Task to carry out: The line containing "Using examples from" marks the end; write out exactly every line from the start of the data up to and including it, without the pictures.

The data:
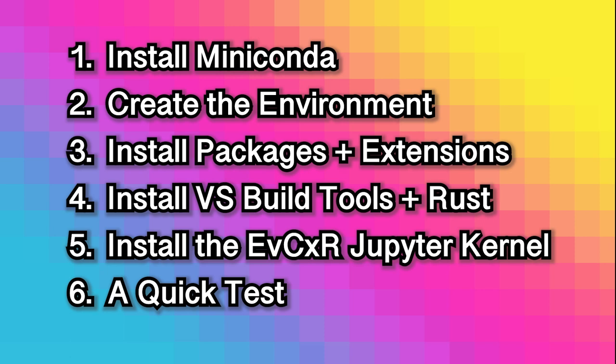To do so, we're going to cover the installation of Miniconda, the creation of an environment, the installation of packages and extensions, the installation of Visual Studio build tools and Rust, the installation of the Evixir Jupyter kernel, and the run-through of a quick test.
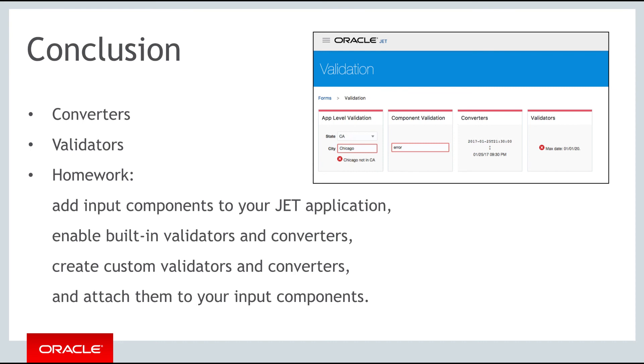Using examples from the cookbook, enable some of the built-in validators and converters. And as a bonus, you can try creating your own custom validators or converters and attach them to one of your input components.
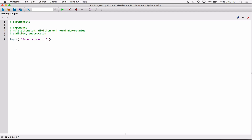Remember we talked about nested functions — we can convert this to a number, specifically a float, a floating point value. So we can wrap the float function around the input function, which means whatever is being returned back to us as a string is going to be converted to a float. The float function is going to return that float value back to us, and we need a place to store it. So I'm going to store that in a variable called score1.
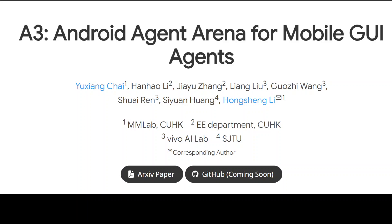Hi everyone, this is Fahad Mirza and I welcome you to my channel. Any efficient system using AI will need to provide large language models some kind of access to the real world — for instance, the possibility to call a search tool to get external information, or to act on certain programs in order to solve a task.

Expected output:
To do so, we're going to cover the installation of Miniconda, the creation of an environment, the installation of packages and extensions, the installation of Visual Studio build tools and Rust, the installation of the Evixir Jupyter kernel, and the run-through of a quick test.
Using examples from the cookbook, enable some of the built-in validators and converters. And as a bonus, you can try creating your own custom validators or converters and attach them to one of your input components.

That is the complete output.